• Work instructions:
In the records below, take the line with "Crate Blue Voodoo" and all lines after it, and copy them exactly, pictures excluded.

• Records supplied:

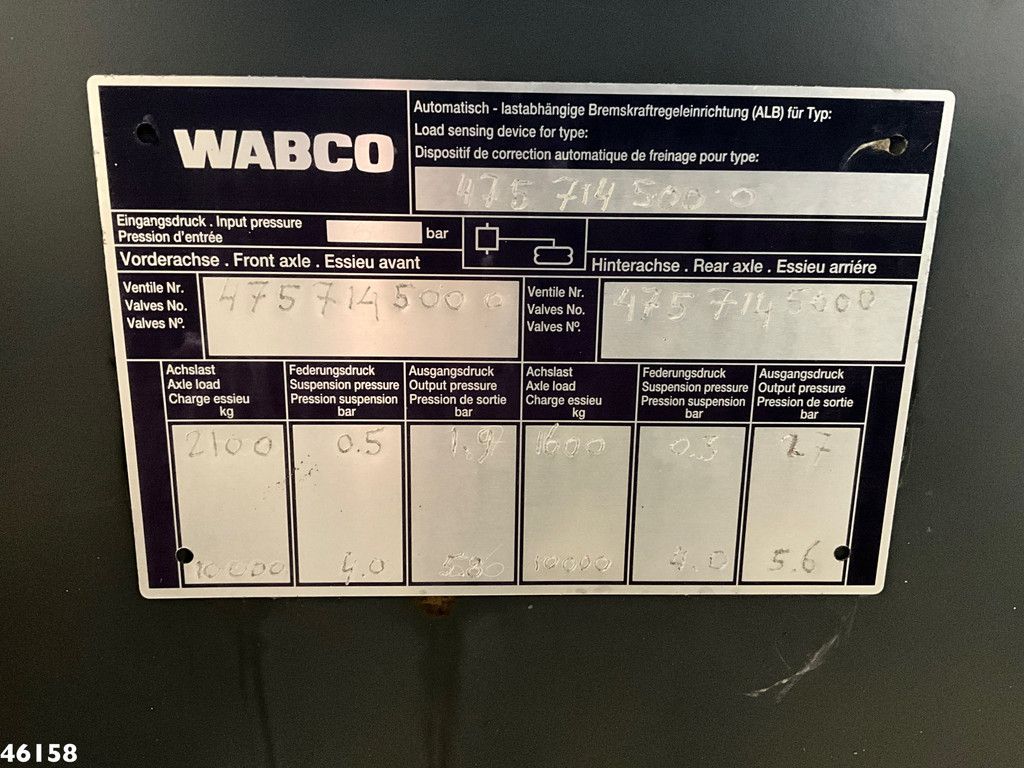 Van Hool 2-assige containeraanhangwagen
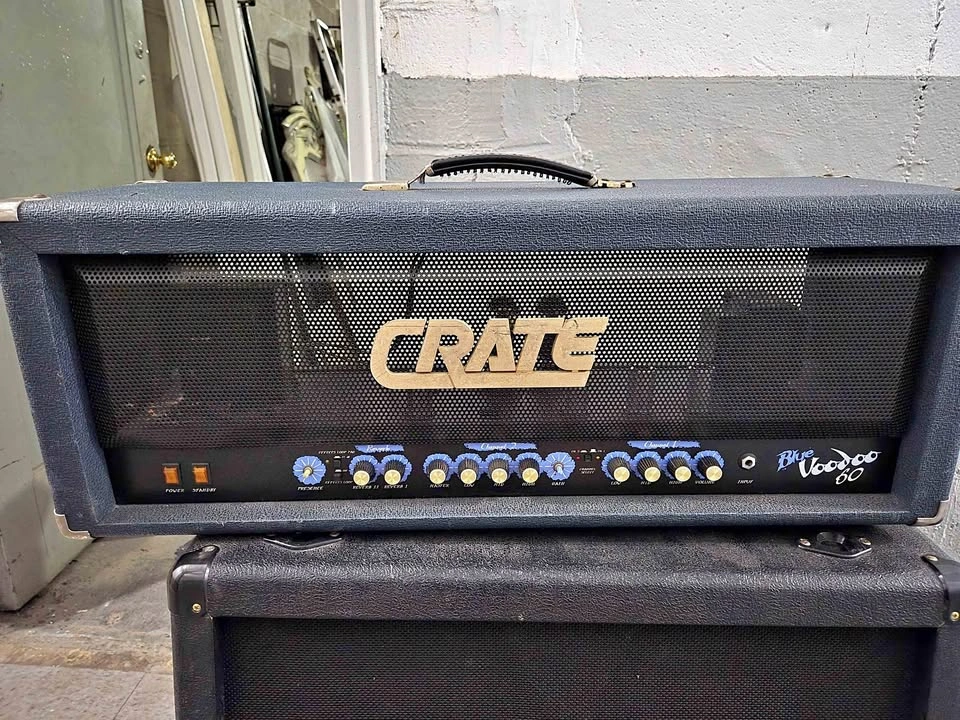 Crate Blue Voodoo 60 all-tube guitar amplifier head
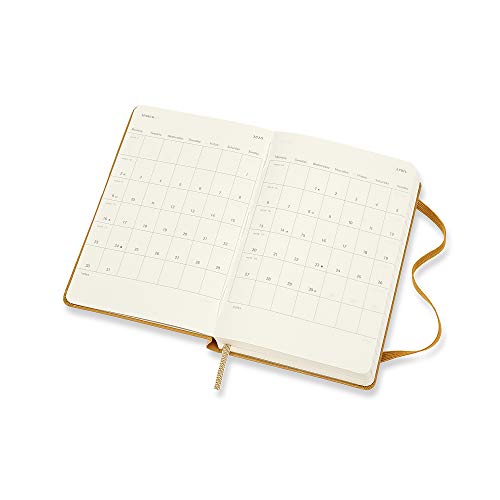 Moleskine - Agenda Diaria de 12 Meses 2020, Tapa Dura y Goma Elástica, Tamaño Pequeño 9 x 14 cm, 400 Páginas, Amarillo Ocre (AGENDA 12 MOIS) Moleskine - Agenda Diaria de 12 Meses 2020, Tapa Dura y Goma Elástica, Tamaño Pequeño 9 x 14 cm, 400 Páginas, Amarillo Ocre (AGENDA 12 MOIS)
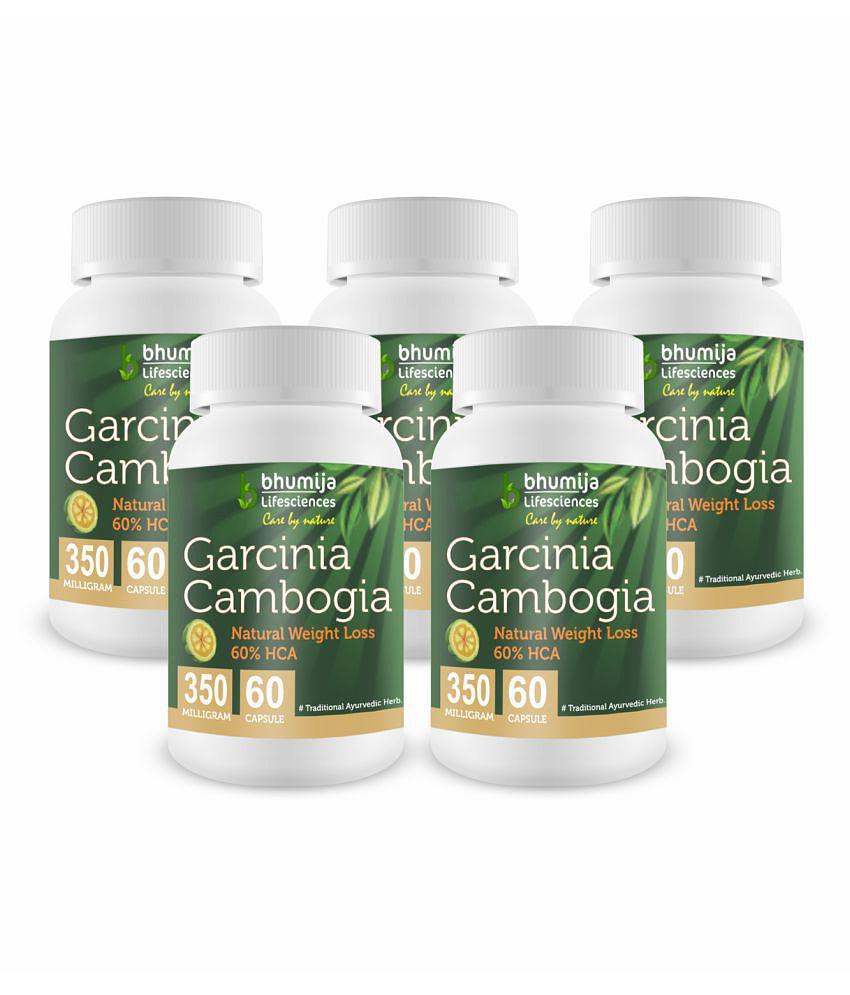 BHUMIJA LIFESCIENCES garcinia cambogia 350 mg Capsule Pack of 5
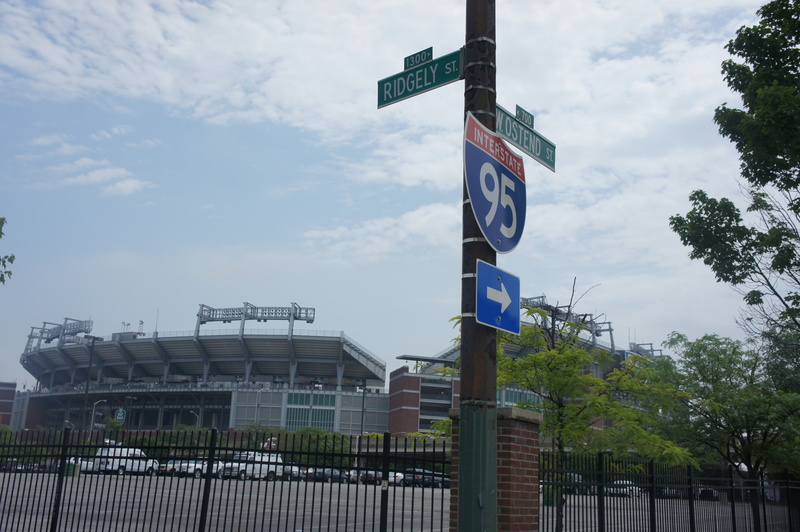 Street view of M&T Bank Stadium - Lot O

• Task result:
 Crate Blue Voodoo 60 all-tube guitar amplifier head
 Moleskine - Agenda Diaria de 12 Meses 2020, Tapa Dura y Goma Elástica, Tamaño Pequeño 9 x 14 cm, 400 Páginas, Amarillo Ocre (AGENDA 12 MOIS) Moleskine - Agenda Diaria de 12 Meses 2020, Tapa Dura y Goma Elástica, Tamaño Pequeño 9 x 14 cm, 400 Páginas, Amarillo Ocre (AGENDA 12 MOIS)
 BHUMIJA LIFESCIENCES garcinia cambogia 350 mg Capsule Pack of 5
 Street view of M&T Bank Stadium - Lot O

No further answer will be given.